**Isentropic Process**

Isentropic means constant entropy. A process during which the entropy remains constant is called an isentropic process, which is characterized by ΔS = 0 Or S₁ = S₂ for a process 1 – 2.

If a process is both reversible and adiabatic, then it is an isentropic process.

An isentropic process is an idealization of an actual process and serves as a limiting case for an actual process.

\(\operatorname{Re}versible\,\,\Rightarrow \,dS=\,{{\int\limits_{1}^{2}{\left( \frac{\delta Q}{T} \right)}}_{rev}}\)

Adiabatic ⇒ Q = 0

⇒ dS = 0

**Example: Isentropic Expansion in Gas Turbine**

Assume an **isentropic expansion** of helium (**3 → 4**) in a **gas turbine**. Since helium behaves almost as an ideal gas, use the ideal gas law to calculate **outlet temperature** of the gas (T₄). In this turbine the high-pressure stage receives gas (point 3 at the figure: P₃ = 6.7 MPa; T₃ = 1190 K (917°C) from a heat exchanger and exhaust it to another heat exchanger, where the outlet pressure is P₄ = 2.78 MPa (point 4)**.**

**Explanation: **The outlet temperature of the gas, T₄ can be calculated using P, V, T relation for isentropic process (reversible adiabatic process):

\(\frac{{{P}_{1}}}{{{P}_{2}}}\,=\,{{\left[ \frac{{{V}_{2}}}{{{V}_{1}}} \right]}^{k}}\,=\,{{\left[ \frac{{{T}_{1}}}{{{T}_{2}}} \right]}^{\frac{k}{k-1}}}\),

In this equation the factor for helium is equal to \(k\,=\,\frac{{{C}_{p}}}{{{C}_{v}}}\,=\,1.66\).
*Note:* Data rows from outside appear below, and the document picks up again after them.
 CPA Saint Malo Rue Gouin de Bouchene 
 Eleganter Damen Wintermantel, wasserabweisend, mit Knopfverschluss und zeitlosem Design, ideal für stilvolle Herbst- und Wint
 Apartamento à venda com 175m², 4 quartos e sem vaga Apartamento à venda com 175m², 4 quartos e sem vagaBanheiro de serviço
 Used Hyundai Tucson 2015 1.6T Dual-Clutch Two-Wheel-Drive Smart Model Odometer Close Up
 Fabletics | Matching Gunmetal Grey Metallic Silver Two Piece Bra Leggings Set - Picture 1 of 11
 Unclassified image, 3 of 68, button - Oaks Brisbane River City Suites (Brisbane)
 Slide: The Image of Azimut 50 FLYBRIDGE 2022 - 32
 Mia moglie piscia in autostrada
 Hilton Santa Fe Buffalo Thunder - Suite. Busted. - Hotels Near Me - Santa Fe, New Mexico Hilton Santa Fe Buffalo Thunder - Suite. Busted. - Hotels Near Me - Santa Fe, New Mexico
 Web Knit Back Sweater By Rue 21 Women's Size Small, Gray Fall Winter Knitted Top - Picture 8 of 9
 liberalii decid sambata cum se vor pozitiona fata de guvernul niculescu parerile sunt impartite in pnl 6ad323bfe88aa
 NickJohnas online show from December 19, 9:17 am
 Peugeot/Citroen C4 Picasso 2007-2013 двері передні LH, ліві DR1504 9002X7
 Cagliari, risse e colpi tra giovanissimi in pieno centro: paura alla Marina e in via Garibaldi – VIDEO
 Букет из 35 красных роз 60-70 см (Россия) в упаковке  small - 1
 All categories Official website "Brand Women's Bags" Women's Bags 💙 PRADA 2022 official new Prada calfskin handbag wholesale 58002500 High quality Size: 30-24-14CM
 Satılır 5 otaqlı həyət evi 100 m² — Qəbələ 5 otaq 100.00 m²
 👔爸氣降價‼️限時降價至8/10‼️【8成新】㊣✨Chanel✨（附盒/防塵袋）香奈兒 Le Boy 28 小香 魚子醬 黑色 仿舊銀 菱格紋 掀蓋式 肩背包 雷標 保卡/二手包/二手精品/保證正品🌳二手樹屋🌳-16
From the previous equation follows that the outlet temperature of the gas, T₄ is:

\({{T}_{4}}\,=\,{{\left[ \frac{{{P}_{4}}}{{{P}_{3}}} \right]}^{\frac{k-1}{k}}}\times {{T}_{3}}\,=\,{{\left[ \frac{2.78}{6.7} \right]}^{\frac{0.66}{1.66}}}\times 1190\,=\,839K\,\).